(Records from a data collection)
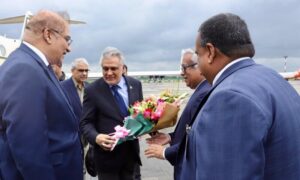 Pakistan’s Deputy PM Ishaq Dar Arrives in Dhaka for High-Level Bilateral Talks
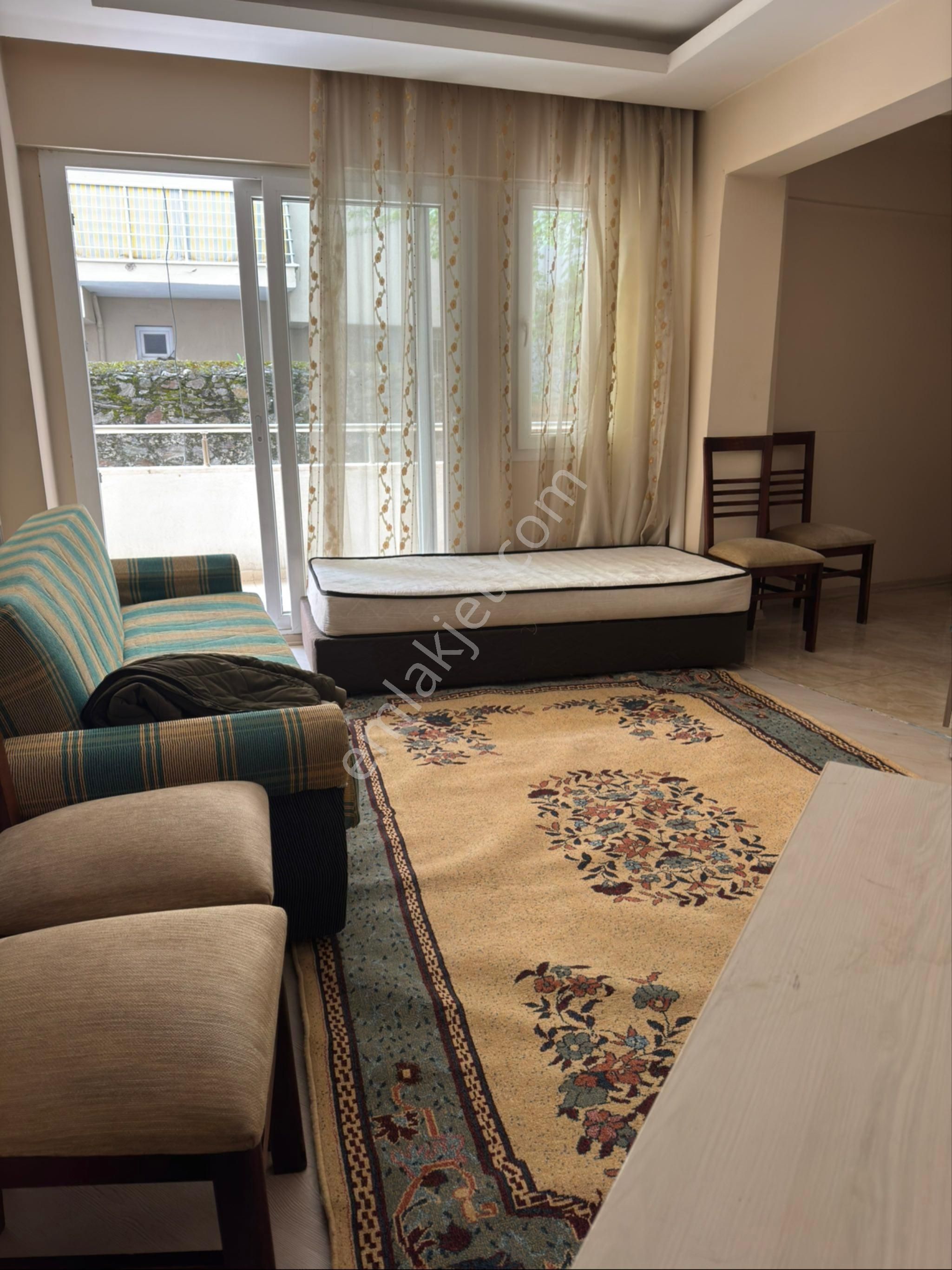 Grand Egelim Emlaktan Kiralık 1+1 Daire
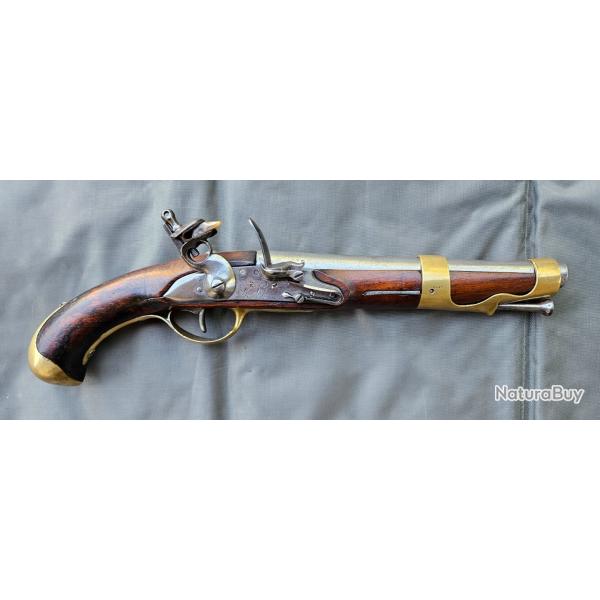 Pistolet r�glementaires mod�les 1763-1766 fabrication 1775.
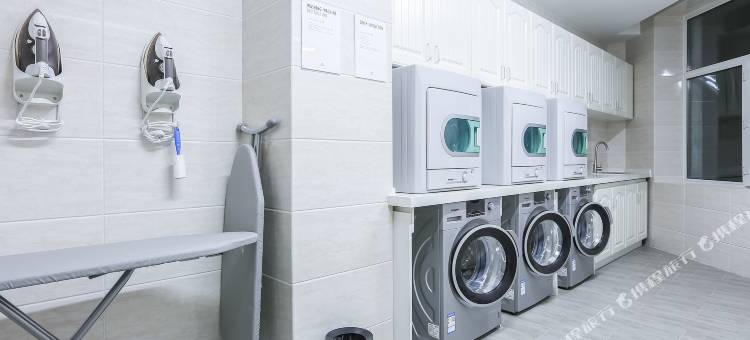 哈尔滨冰雪大世界龙川路地铁站亚朵酒店图片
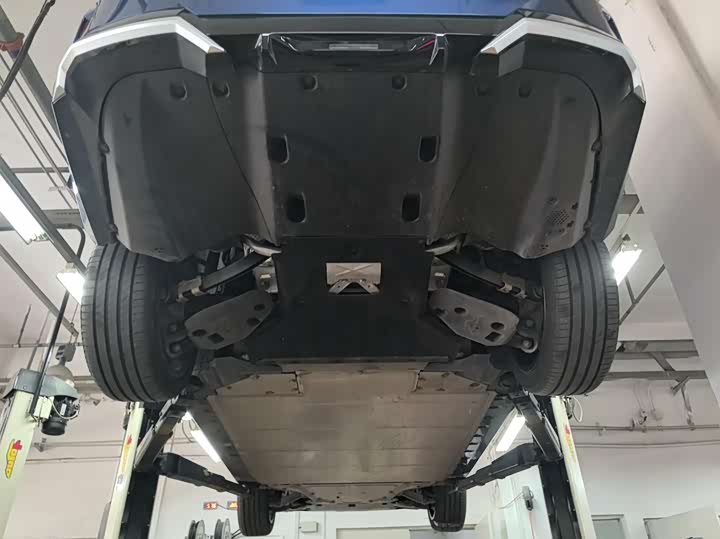 Фото 16 - BMW i5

**PROBLEM DESCRIPTION:**
Return every entry word for word, leaving the pictures out.

**RESULT BELOW:**
 Pakistan’s Deputy PM Ishaq Dar Arrives in Dhaka for High-Level Bilateral Talks
 Grand Egelim Emlaktan Kiralık 1+1 Daire
 Pistolet r�glementaires mod�les 1763-1766 fabrication 1775.
 哈尔滨冰雪大世界龙川路地铁站亚朵酒店图片
 Фото 16 - BMW i5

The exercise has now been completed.